Alasan Ahlussunnah Wal Jamaah Annahdliyyah memilih empat mazhab saja adalah sebagai berikut:
- Kualitas pribadi dan keilmuan mereka sudah sangat mashur.
- Keempatnya merupakan Imam Mujtahid Mutlak Mustaqil.
- Para Imam Mazhab itu mempunyai murid yang secara konsisten mengajar dan mengembangkan mazhabnya yang didukung oleh buku induk yang masih terjamin keasliannya hingga saat ini.

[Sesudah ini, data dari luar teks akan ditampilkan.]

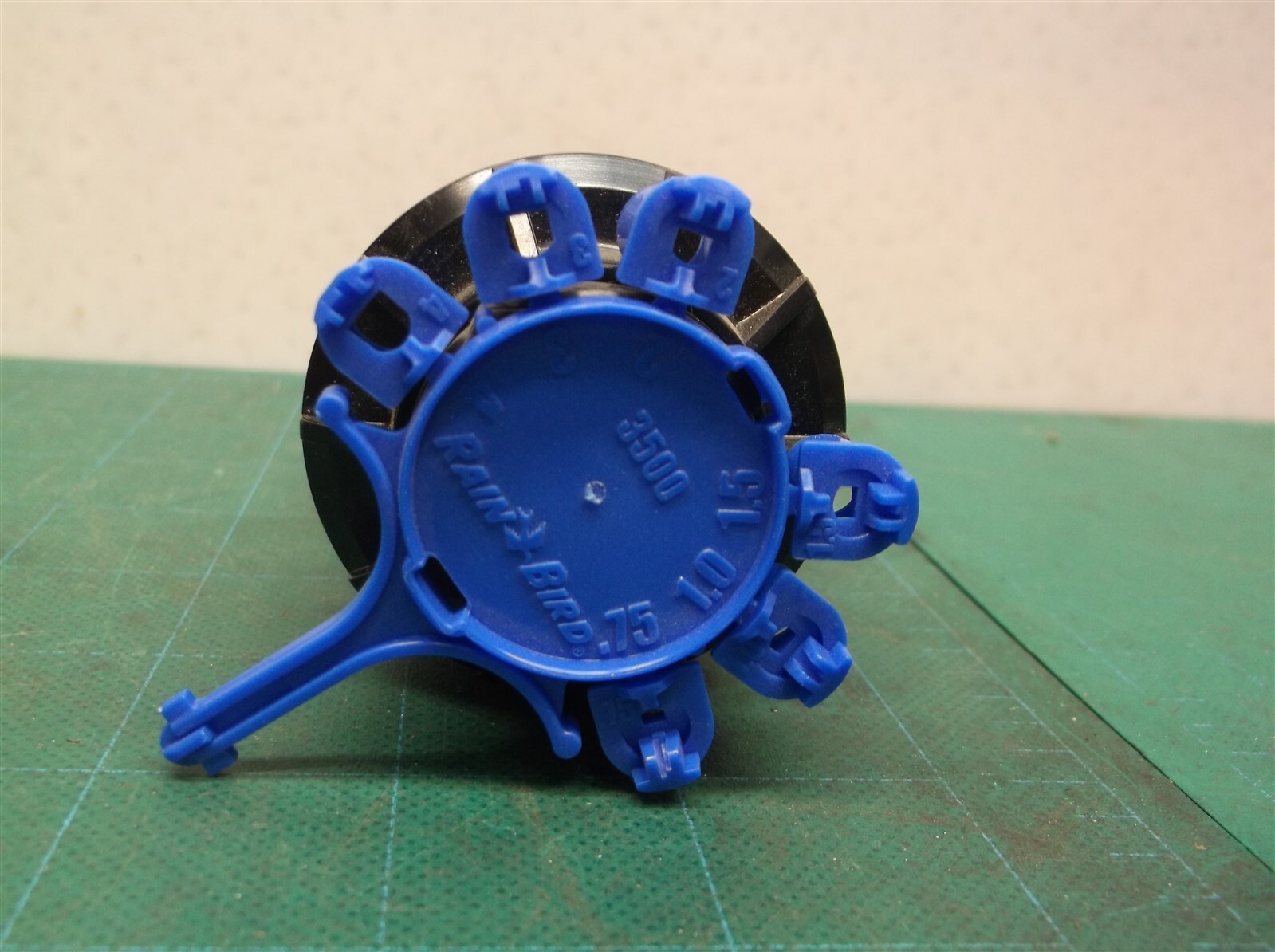 Rainbird 3500 Series Part/Reverse Full Circle Rotor with Seal-A-Matic, 4″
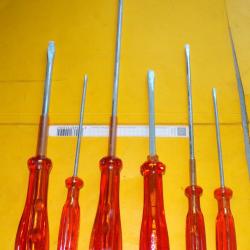 OUTILS LOT DE 6 TOURNEVIS A TETE PLATE  DE L'ARMEE FRANCAISE ET S.N.C.F  , LONGUEUR TOTALE 35 CM POI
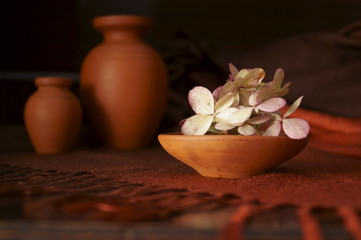 Obraz na płótnie Canvas Romanian ceramics and withered hydrangea flowers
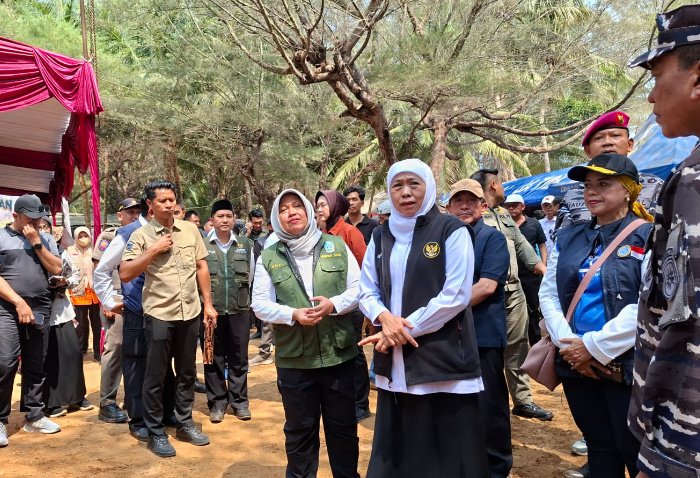 FOTO: Gubernur Jawa Timur Khofifah Indar Parawansa saat melakukan kunjungan kerja di kawasan Pantai Slopeng, Kabupaten Sumenep, Rabu (14/10/2026). (Ist/wartazone.com)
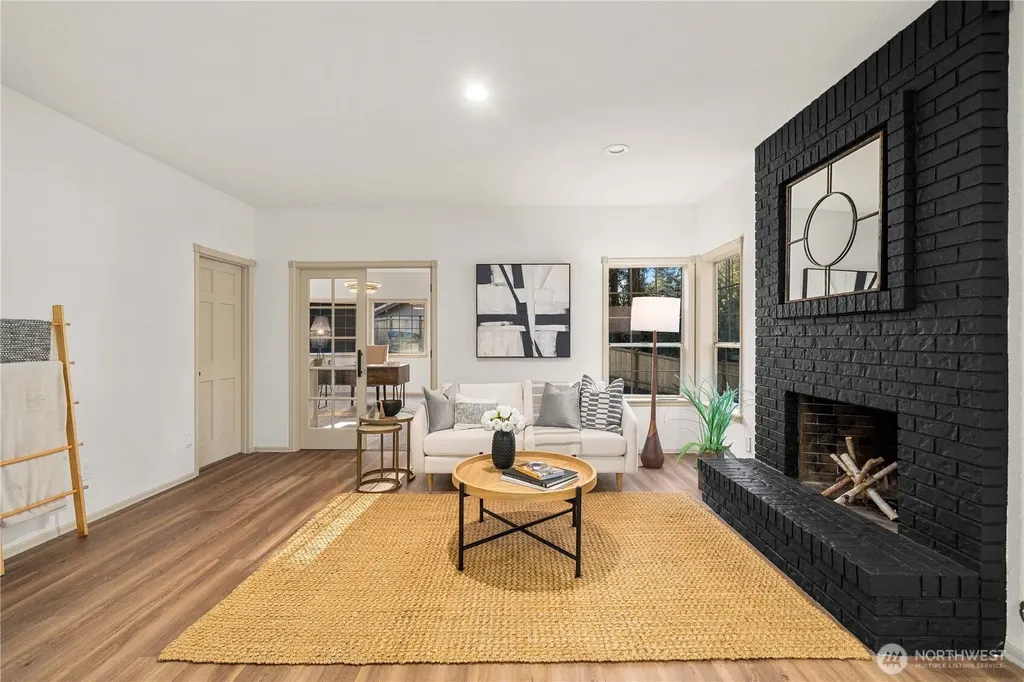 11215 Madera Circle SW Lakewood WA 98499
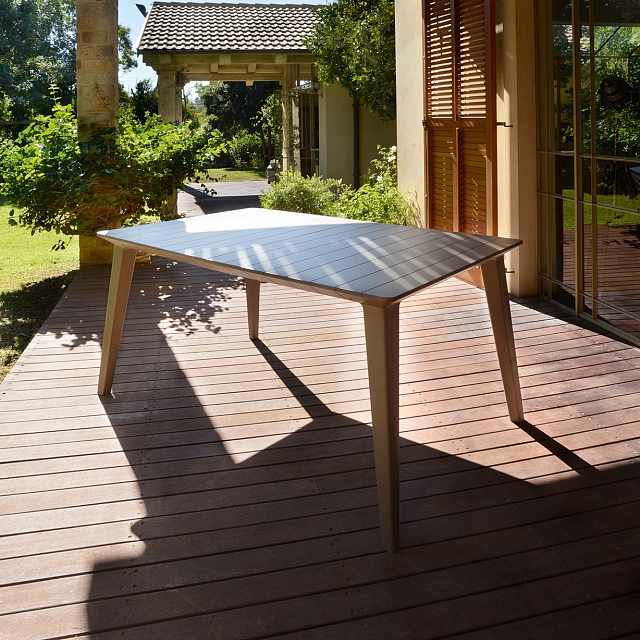 Стол Keter Lima капучино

- Para Imam Mazhab mempunyai mata rantai dan jaringan intelektual di antara mereka. Mata rantai dan jaringan intelektual Imam Abu Hanifah, Imam Malik, Imam Syafi’I dan Imam Muhammad bin Hasan adalah sebagai berikut; “Imam Abu Hanifah pernah bertemu dengan Imam Malik di Madinah sewaktu ia melakukan ibadah haji. Imam Abu Hanifah merupakan tokoh aliran ahlu al-ra’yi, sedangkan Imam Malik merupakan tokoh aliran ahlu al-Hadits. Imam Syafi’i yang cukup lama menjadi murid Imam Malik tertarik mempelajari mazhab Hanafi dari Imam Muhammad bin Hasan. Ternyata Imam Muhammad bin Hasan sudah berkenalan akrab dengan Imam Syafi’i sewaktu sama-sama belajar pada Imam Malik di Madinah.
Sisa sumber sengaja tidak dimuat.